Timeshare case referred back to Court of Appeals for re-judgment

      Timeshare case referred back to  Court of Appeals for re-judgment

Entrance to Alegría resort in Beacon Hill.


THE HAGUE--The High Court in The Hague handed down its ruling in the case of Alegría Real Estate BV against the Timeshare Owners at Caravanserai Association (TOCA) and others on Friday, September 25.

  This case concerns claims of TOCA that Alegría must adhere to the timeshare agreements its members as tenants entered into with the lessor, the operator of the former Caravanserai Resort in Beacon Hill, which real estate was purchased by Alegría at public auction in 2014 from Bank of Nova Scotia.

  In the High Court’s ruling, the prior judgment of the Court of Appeals of December 20, 2018, has been referred back to the Appeals Court for a new decision on this matter. TOCA has been ordered by the High Court to pay the expenses for the handling of the case, which were estimated at 2,882.34 euros.

  Kildare Properties Limited acquired in 1996 a long lease on three lots in Beacon Hill on which Caravanserai Beach Resort was developed. In connection with the development and operation of the resort, two companies were established in 1996: Island Hotel Corporation NV, which would manage the hotel and other catering activities; and Endless Vacation NV, which according to its articles of association was charged with, among other things, advising and mediation in the rental and sale of timeshares.

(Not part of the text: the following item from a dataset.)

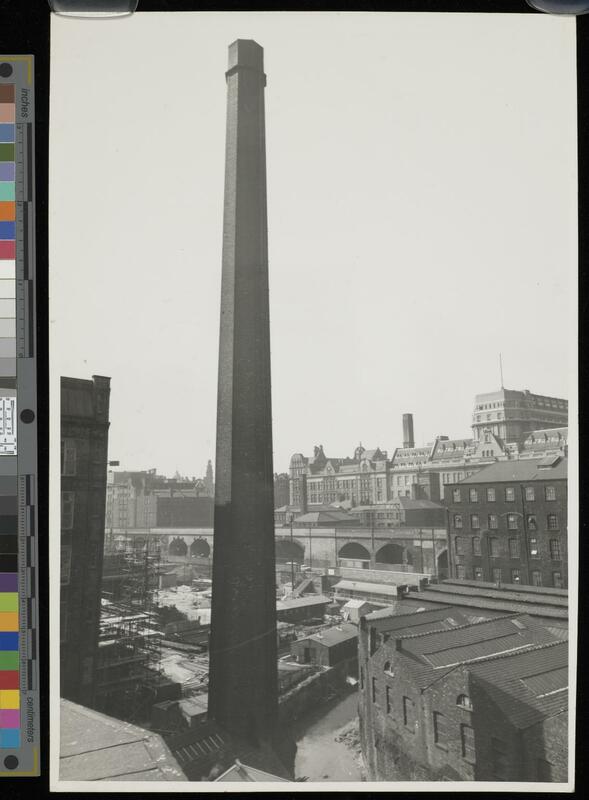 Large mill chimney in the foreground amidst industrial buildings, and the main UMIST building in the background.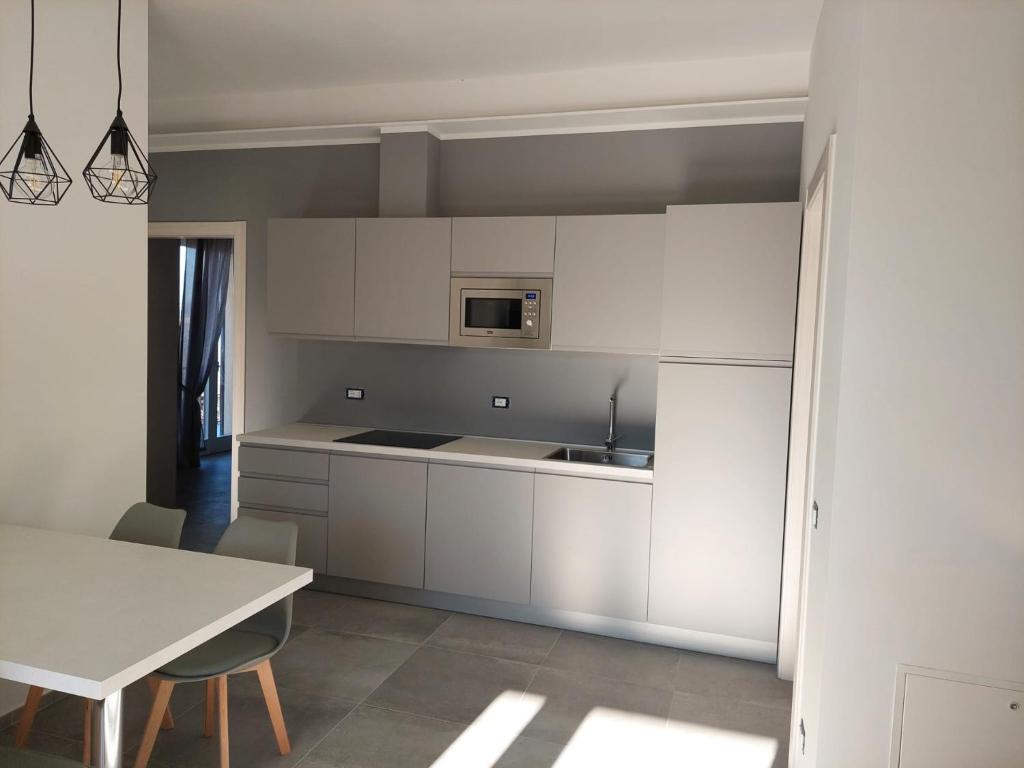 Kuchyň nebo kuchyňský kout v ubytování La Casa in Rivalta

  Bank of Nova Scotia financed the project and Kildare, Island Hotel and Endless Vacation transferred all their income to the bank.

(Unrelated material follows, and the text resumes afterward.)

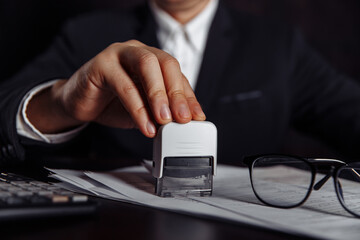 Close-up of businessman putting stamp on documents in the office. Business concept.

  The resort sold more than 2,000 timeshares between 1996 and 2013. The bank claimed the credits in 2013, which led to the executorial sale of the leasehold and apartment rights.

  Alegría purchased Caravanserai Resort for US $14 million in a public auction organised by Scotiabank on August 13, 2014. Alegría claimed it was not bound by any type of timeshare agreement.

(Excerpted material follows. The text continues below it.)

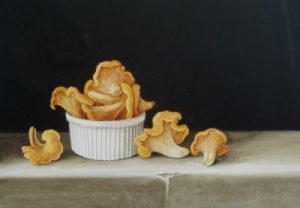Chanterelle mushrooms in a white ramekin with a black background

  The approximately 2,200 timeshare owners claiming timeshare rights at Caravanserai were informed by letter that their previous ownership rights had been nullified and that Alegría would offer hotel units against payment instead. As compensation, it offered a hotel room usage agreement that would allow usage of a room and facilities at the resort against an annual fee to cover part of the resort’s operational cost.

  Alegría wants to redevelop the resort into a five-star hotel property and has also been entangled in many other legal procedures to force operators of bars and restaurants from its premises.

  TOCA, represented in this case by attorney Bart van der Wiel, was established in October 2014. Representing 62 of its members who together claim to have lost some $1.5 million in advance rent payments, TOCA called on the court to grant its members access to their apartments. TOCA deemed the immediate annulment of clients’ timeshare agreements unjust, as these constituted a breach of contract.

  The association is of the opinion that timeshare agreements are, in fact, rental agreements that, as such, should be legally protected.

  In its judgment, the Supreme Court ruled that the rights and obligations of the former lessor in the lease agreements between Endless Vacation and the timeshare owners have not passed to Alegría under Article 7:226 of the Civil Code. “After all, it was the bank as creditor and not Endless Vacation as landlord who transferred the business rights on the rented property to Alegría,” the High Court stated.

  The Supreme Court also found insufficient grounds to anticipate the workings of the draft Timeshare Ordinance. “Where the draft Timeshare Ordinance provides a rule that protects the timeshare taker, regardless of whether the selling or transferring party is the contracting party of the timeshare taker, this deviates strongly from the applicable law, while it is also unclear whether, and if so when, the Timeshare Ordinance will be established and come into effect,” the High Court stated.

  Alegría was represented in this matter by attorneys Chris de Bres, Eric R. de Vries and Chris van Amersfoort of HBN Law and Tax, with assistance of attorney Hans van Wijk of Pels Rijcken at the Supreme Court.

  In what HBN Law and Tax described as a “landmark case,” the Supreme Court “in essence ruled that the rights and obligations of the former lessor based on the timeshare agreements did not pass to Alegría on the basis of Article 7:226.2 of the Civil Code; that the draft St. Maarten Timeshare Ordinance does not apply to this case; and that Alegría is not obligated to comply with the former lessor’s obligations based on tort or good faith,” HBN Law stated.

  “Alegría is extremely pleased with this result and expects that all efforts can now be directed to the further development of the Alegría-owned Morgan Resort with an opening day slated for March 1, 2021, a five-star development with a $100 million total investment and employment opportunities for 500 St. Maarten citizens,” HBN Law said.